Ces dernières années, le programme de relocalisation mené par le HCR, l'Agence des Nations Unies pour les réfugiés, a déjà permis à plus de 10 000 réfugiés de recommencer leur vie dans des régions plus sûres au Mexique. Ils occupent des emplois formels avec tous les avantages, y compris les soins de santé. Mais pour beaucoup, comme Lorena, cela signifierait être séparé de façon permanente de son mari et de son plus jeune enfant.
D'autres sont terrifiés après avoir été kidnappés et agressés par des groupes criminels alors qu'ils traversaient le Mexique en quête de sécurité - parmi eux, Ana, une mère hondurienne.
Après avoir échappé aux menaces des gangs chez elle, la jeune femme de 27 ans et sa fille de trois ans se rendaient aux États-Unis, où elle a de la famille, en ayant eu recours à un « coyote », ou passeur de clandestins. Dans la ville de Monterrey, au nord du pays, elles ont été kidnappées sous la menace d'une arme.
« Ils avaient des armes - des pistolets et des fusils. Ils sont entrés dans l'entrepôt où ils nous détenaient et nous ont attachés », dit-elle, en joignant les mains derrière le dos. Un proche aux États-Unis a versé la rançon de 5000 dollars et, une semaine plus tard, leurs ravisseurs les ont libérées « pieds nus, sans vêtements, sans argent ».
Après avoir traversé la frontière vers le Texas, elle a été arrêtée par la patrouille frontalière, transportée par avion à San Diego et expulsée vers Tijuana sans avoir pu déposer une demande d'asile comme elle l'avait espéré. Elle vit désormais dans le refuge informel qui est dépourvu d’un portail de sécurité et de gardien.
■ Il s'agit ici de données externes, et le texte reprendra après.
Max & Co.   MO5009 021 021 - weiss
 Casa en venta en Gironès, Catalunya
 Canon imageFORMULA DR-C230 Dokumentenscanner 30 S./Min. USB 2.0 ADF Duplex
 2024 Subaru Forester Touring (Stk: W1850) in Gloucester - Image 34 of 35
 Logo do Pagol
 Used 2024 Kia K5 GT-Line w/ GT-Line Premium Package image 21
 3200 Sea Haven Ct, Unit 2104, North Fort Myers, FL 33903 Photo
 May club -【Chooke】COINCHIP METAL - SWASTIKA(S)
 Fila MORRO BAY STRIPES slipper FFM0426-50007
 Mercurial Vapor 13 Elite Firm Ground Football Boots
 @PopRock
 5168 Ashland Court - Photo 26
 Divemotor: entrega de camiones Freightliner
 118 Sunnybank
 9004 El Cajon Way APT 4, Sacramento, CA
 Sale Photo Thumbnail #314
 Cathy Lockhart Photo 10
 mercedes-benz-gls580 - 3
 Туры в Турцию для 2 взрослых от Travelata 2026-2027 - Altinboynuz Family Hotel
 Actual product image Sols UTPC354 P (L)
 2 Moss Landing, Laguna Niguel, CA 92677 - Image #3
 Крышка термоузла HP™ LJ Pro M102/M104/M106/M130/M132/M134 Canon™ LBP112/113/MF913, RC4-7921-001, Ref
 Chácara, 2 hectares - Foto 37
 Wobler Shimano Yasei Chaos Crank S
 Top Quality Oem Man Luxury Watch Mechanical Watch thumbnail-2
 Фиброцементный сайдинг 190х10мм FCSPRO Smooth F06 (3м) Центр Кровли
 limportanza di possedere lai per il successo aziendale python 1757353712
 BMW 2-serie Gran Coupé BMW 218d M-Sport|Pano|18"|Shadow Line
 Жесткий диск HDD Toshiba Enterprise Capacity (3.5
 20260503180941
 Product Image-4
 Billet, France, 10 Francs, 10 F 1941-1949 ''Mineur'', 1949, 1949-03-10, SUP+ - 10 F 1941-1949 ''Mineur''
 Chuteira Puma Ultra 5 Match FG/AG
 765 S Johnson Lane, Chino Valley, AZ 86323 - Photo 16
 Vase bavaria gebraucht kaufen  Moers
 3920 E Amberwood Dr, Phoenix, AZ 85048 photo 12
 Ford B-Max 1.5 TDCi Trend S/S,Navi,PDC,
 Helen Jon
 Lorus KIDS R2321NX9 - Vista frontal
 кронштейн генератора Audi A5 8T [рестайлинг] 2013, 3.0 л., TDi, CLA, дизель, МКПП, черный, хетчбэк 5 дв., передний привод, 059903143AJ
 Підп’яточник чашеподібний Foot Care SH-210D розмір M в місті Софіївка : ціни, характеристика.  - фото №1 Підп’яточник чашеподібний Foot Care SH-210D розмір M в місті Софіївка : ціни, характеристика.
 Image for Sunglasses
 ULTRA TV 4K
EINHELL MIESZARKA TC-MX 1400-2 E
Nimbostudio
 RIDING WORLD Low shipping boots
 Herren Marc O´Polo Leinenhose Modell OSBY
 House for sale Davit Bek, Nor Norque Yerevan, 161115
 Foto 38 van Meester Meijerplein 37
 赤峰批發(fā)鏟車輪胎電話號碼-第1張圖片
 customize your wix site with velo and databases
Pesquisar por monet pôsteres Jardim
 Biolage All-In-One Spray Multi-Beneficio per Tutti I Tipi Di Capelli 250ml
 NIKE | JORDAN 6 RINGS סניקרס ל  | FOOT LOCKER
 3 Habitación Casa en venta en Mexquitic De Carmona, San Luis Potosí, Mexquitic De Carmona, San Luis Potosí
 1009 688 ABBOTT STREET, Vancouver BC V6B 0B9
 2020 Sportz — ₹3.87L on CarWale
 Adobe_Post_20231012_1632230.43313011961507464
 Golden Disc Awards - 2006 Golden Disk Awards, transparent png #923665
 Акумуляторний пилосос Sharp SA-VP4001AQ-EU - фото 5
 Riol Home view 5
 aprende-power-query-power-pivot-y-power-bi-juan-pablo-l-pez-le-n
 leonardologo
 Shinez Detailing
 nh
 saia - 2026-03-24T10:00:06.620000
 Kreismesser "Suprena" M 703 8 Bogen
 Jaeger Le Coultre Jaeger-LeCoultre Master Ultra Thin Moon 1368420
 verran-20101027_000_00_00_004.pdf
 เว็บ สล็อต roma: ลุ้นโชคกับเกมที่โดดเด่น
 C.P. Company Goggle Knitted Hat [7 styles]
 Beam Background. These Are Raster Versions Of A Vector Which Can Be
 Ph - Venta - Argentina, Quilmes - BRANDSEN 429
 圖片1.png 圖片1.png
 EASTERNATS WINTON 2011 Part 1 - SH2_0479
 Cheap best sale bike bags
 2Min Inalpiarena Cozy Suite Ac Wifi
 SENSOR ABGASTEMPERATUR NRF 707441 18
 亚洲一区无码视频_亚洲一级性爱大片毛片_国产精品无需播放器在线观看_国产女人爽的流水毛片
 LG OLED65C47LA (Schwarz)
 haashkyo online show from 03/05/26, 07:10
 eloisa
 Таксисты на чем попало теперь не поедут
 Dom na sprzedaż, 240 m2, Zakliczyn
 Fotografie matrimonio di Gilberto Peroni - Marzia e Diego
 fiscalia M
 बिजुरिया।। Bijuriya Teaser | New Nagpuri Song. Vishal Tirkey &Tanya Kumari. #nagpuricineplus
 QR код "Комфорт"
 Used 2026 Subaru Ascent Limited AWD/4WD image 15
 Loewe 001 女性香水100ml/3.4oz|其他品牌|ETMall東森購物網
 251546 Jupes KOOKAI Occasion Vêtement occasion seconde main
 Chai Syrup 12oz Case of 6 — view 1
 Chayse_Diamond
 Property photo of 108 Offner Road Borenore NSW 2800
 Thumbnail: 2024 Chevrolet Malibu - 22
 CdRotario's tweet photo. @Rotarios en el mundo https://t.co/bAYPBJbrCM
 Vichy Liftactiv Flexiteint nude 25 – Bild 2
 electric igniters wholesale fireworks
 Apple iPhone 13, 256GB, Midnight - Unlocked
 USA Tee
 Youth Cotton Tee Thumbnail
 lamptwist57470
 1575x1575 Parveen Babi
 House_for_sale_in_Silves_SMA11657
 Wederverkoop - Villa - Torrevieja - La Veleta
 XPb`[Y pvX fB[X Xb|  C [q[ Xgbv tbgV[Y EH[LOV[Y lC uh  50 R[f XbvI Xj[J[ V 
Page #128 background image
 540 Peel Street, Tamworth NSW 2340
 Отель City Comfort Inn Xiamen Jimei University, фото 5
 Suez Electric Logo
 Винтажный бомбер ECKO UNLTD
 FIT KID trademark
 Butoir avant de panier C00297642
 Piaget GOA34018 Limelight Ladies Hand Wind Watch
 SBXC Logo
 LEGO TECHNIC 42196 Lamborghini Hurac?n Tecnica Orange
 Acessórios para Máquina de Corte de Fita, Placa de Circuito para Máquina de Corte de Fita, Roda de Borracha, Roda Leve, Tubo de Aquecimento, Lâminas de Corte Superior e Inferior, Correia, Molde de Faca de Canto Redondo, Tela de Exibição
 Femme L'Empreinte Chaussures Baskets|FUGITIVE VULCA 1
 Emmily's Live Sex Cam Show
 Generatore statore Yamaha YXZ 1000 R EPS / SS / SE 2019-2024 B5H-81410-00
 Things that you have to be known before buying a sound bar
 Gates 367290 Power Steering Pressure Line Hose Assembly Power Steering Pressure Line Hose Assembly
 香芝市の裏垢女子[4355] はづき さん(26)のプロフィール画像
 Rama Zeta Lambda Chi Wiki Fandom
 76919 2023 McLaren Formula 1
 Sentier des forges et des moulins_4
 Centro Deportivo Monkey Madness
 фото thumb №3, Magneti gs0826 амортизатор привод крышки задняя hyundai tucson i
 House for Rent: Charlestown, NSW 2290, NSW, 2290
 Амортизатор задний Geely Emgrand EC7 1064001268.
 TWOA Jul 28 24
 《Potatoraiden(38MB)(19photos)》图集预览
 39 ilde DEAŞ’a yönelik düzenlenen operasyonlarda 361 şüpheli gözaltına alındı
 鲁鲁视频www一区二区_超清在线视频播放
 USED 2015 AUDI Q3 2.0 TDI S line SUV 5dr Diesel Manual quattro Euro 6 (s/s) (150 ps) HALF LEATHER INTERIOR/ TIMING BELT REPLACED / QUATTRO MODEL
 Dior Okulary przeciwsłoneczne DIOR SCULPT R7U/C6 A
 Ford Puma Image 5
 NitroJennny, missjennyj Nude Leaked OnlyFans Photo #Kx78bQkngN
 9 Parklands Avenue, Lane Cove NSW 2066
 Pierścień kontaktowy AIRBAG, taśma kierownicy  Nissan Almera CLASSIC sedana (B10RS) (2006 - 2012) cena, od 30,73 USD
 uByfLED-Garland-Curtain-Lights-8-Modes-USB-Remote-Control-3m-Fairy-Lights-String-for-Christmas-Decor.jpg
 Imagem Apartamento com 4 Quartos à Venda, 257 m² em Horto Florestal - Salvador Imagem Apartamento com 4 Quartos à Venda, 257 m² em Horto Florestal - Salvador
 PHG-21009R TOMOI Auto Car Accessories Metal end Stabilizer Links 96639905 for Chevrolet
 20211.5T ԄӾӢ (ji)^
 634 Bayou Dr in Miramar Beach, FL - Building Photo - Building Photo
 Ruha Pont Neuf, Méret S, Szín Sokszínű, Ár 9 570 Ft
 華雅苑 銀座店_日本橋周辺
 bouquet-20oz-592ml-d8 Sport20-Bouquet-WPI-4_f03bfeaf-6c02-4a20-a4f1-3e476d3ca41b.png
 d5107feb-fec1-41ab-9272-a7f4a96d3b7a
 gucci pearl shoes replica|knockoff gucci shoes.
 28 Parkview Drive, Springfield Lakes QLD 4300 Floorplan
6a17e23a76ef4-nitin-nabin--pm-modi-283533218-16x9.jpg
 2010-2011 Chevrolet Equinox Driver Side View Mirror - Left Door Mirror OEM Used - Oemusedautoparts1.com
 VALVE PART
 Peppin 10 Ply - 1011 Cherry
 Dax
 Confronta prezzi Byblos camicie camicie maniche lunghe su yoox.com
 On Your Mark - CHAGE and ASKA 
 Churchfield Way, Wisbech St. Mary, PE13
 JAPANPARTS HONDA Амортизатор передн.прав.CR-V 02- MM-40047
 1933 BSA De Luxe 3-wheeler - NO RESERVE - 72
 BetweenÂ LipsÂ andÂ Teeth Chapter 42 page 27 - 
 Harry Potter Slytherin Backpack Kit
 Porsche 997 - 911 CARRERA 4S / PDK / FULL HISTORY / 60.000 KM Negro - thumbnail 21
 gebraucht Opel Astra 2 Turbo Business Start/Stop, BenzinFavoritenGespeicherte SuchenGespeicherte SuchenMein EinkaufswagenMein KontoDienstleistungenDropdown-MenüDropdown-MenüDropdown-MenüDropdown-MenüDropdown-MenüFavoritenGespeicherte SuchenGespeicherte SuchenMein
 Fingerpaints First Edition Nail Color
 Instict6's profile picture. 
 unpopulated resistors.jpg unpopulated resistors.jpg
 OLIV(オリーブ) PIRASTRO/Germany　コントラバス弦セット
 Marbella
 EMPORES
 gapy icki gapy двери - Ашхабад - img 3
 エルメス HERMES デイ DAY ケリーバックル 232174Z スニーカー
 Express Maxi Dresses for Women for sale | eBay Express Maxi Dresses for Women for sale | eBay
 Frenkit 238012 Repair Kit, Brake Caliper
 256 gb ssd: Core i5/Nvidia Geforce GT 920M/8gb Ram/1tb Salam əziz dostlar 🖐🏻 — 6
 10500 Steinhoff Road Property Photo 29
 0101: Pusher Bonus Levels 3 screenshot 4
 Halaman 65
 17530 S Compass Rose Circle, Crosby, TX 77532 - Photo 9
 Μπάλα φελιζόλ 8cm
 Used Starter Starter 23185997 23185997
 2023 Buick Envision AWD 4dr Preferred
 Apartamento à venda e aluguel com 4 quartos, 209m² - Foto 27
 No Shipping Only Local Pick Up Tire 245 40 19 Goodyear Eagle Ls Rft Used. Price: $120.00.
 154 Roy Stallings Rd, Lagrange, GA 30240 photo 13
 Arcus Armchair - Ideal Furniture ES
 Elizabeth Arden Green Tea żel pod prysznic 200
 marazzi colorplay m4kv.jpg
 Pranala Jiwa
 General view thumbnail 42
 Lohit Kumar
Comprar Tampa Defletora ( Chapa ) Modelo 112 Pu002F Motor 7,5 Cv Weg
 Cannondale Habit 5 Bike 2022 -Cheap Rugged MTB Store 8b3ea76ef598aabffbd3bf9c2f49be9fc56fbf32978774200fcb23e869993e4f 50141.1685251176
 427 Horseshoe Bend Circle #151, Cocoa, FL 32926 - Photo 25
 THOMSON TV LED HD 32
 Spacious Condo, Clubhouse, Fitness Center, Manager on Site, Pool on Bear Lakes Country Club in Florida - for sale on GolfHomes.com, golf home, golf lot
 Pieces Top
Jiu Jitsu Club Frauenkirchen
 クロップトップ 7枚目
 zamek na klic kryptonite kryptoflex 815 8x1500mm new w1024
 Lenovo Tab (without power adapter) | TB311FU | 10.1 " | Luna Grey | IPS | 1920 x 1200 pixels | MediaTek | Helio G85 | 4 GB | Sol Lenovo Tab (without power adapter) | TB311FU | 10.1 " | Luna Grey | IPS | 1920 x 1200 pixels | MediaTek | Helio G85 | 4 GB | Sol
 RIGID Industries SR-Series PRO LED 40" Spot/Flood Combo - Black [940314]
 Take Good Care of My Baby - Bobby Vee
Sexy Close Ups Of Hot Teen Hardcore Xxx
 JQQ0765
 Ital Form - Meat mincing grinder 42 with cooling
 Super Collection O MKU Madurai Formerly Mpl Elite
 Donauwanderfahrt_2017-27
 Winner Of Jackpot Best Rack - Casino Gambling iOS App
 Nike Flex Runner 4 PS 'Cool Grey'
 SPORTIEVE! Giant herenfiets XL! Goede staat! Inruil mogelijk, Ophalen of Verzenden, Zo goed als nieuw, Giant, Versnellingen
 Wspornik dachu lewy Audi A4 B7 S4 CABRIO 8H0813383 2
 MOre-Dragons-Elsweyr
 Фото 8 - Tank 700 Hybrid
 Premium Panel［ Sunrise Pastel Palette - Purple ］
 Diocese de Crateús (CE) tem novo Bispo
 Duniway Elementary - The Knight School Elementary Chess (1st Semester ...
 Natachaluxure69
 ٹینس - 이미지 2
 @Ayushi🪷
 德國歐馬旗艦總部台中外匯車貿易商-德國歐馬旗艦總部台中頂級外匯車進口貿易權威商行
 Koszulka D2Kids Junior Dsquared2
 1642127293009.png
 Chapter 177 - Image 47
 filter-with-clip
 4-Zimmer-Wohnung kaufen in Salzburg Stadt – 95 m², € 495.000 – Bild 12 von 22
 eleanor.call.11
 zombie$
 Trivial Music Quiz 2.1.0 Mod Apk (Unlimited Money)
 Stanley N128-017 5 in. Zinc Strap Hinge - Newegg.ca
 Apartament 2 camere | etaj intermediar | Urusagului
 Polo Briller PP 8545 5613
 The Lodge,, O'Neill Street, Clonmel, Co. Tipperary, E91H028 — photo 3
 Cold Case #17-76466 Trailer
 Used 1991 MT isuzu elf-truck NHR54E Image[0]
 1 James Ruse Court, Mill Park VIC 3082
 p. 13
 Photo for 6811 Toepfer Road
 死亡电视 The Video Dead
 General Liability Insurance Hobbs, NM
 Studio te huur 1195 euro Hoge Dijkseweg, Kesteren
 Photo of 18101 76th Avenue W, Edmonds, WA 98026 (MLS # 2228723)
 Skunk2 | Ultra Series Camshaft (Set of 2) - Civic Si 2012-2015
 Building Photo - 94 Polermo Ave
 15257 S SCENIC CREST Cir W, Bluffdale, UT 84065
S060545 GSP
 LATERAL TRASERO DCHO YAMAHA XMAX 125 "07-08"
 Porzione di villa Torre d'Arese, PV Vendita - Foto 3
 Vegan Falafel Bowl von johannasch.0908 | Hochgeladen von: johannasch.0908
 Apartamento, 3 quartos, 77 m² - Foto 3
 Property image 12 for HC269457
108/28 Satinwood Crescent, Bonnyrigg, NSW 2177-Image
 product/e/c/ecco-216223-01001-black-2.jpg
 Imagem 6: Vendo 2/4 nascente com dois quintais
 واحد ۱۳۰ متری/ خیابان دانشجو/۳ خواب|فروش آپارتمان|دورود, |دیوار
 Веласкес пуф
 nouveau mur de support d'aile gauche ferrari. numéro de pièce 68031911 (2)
« Nous avons besoin d'une solution. Je suis très loin de mon pays et de ma famille », dit-elle, tandis que sa fille gigote sur ses genoux. La fillette, dit-elle, est devenue agitée et se ronge les ongles. « Nous sommes à la merci de Dieu, sans aucune protection. »
Les risques auxquels sont confrontées les personnes qui traversent clandestinement le nord du Mexique ont été mis en évidence au début de l'année 2021, lorsque des enquêteurs ont identifié les corps sans vie de 14 migrants guatémaltèques qui avaient été abattus, brûlés et jetés dans une fosse clandestine au nord-est de l'État de Tamaulipas.
« J'aimerais voir mes enfants dans le parc, en train de manger une glace. »
Dans sa déclaration, Filippo Grandi a prévenu que les milliers de personnes expulsées des États-Unis risquaient de subir de « graves conséquences humanitaires » au nord du Mexique. Il a encouragé l'administration américaine à renforcer son système d'asile et à « diversifier les voies d'accès sûres afin que les demandeurs d'asile ne soient pas forcés de recourir à de périlleuses traversées orchestrées par des passeurs. »
Pour Mirna, Guatémaltèque et mère de deux enfants, l'aide est nécessaire d’urgence. Battue et violée à plusieurs reprises par son compagnon au Guatemala, cette jeune femme de 24 ans a tenté de rejoindre sa mère à Los Angeles en mai, mais elle a été arrêtée et expulsée. Kidnappée par un chauffeur de taxi en arrivant à Tijuana, elle vit désormais dans la peur au refuge. « Nous ne sommes pas en sécurité, avec ce qui nous est arrivé ici », dit-elle.
A Tijuana, dans un autre refuge géré par les autorités mexicaines, Dario, un Hondurien père de deux jeunes garçons, et sa femme ont eux aussi vécu des épreuves successives avec des menaces de mort proférées par des gangs dans leur pays d’origine, l'enlèvement au nord du Mexique, l'expulsion des États-Unis et la tourmente d'une vie en suspens. Sa vision d’avenir est simple et poignante.
« J'aimerais voir mes enfants dans le parc, en train de manger une glace, sans me demander si quelqu'un va venir les tuer », a-t-il déclaré. « C'est tout ce que nous demandons. »
*Les noms des demandeurs d'asile ont été modifiés pour des raisons de protection.